Hedge fund investors are more selective with their allocations after a period of poor returns, but there is no general disdain for the sector that has seen high outflows, researchers claim.
Investors redeemed just under $1.9 billion (€1.7 billion) from hedge funds in April and total assets remain just below the milestone $3 trillion figure, at $2.986 trillion.
An eVestment report states that current negative investor sentiment appears driven by performance, not by a general disdain for the industry, which has seen a number of institutions exit from hedge funds including the New York City Employees’ Retirement System.
Poor performance saw $1.1 billion in redemptions from multi-asset funds in April, eVestment says.

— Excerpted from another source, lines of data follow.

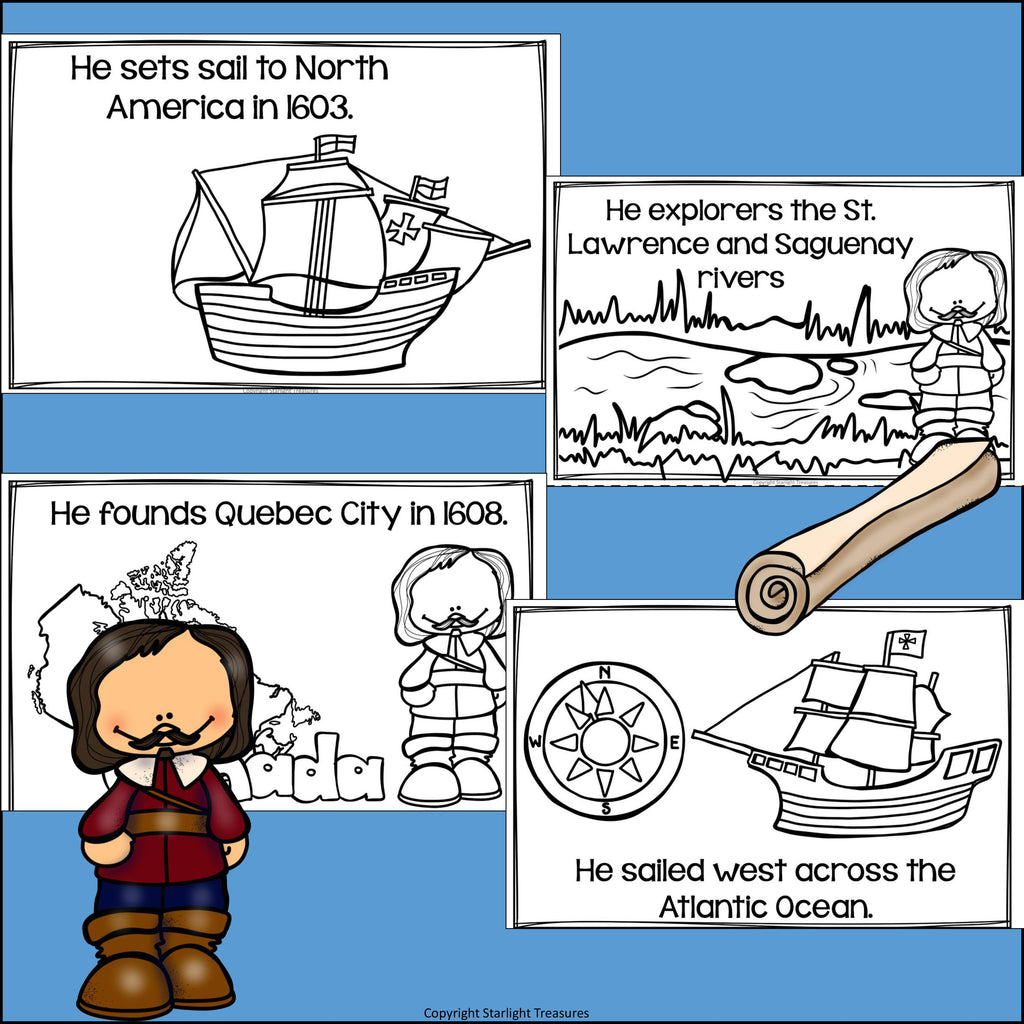 Samuel de Champlain Mini Book for Early Readers: Early Explorers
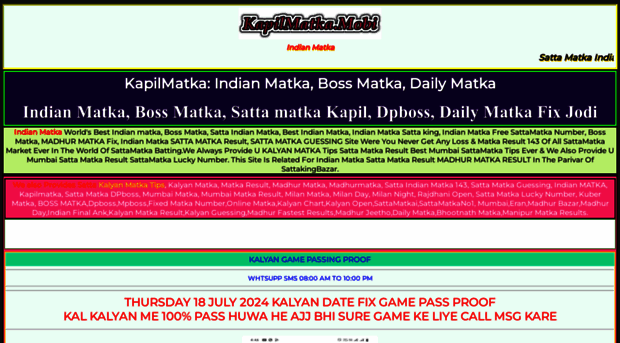 kapilmatka.mobi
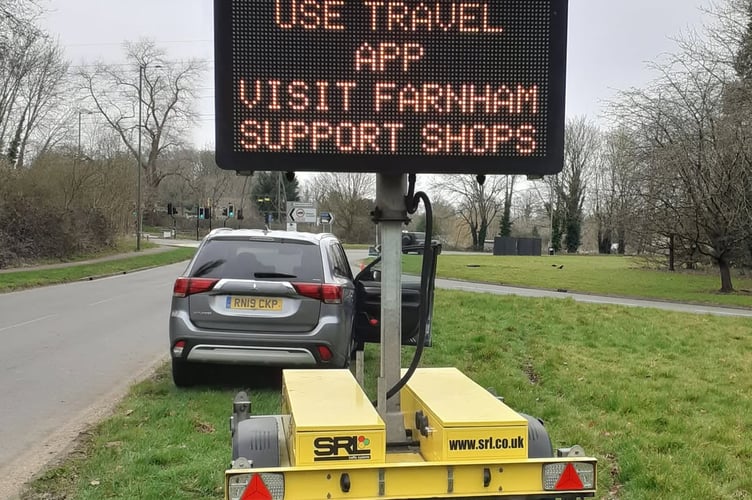 Farnham Temporary Sign Trade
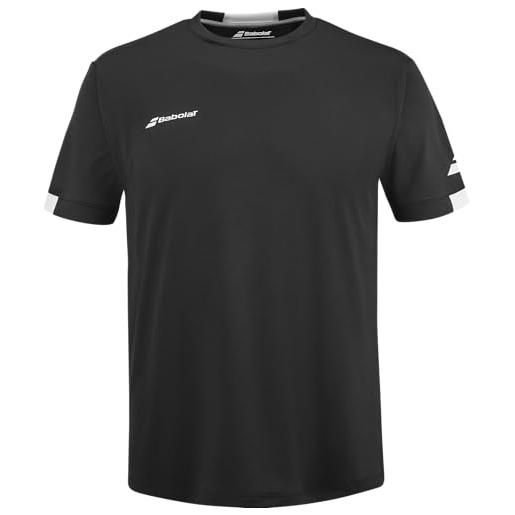 Babolat homme, t-shirt modello play crew neck tee da uomo, taglia l, colore blu scuro, materiale elastico, design senza tempo, ideale per allenamento e competizione, comfort ottimale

Yet investor interest in commodity hedge funds rose, with $1 billion of allocations. Managed future funds were also sought after in April, the strategy’s third consecutive positive month with inflows of $2.9 billion.
Additionally, macro strategies enjoyed inflows of $2.7 billion, stopping a five-month string of redemptions.
Despite disappointment with performance, positive hedge fund returns in fact helped boost the industry’s assets by $6.86 billion in April.
Hedge funds operating out of Europe were receiving assets at a greater pace than other locations, especially Asia which saw redemptions of $1.38 billion last month, the eVestment report showed.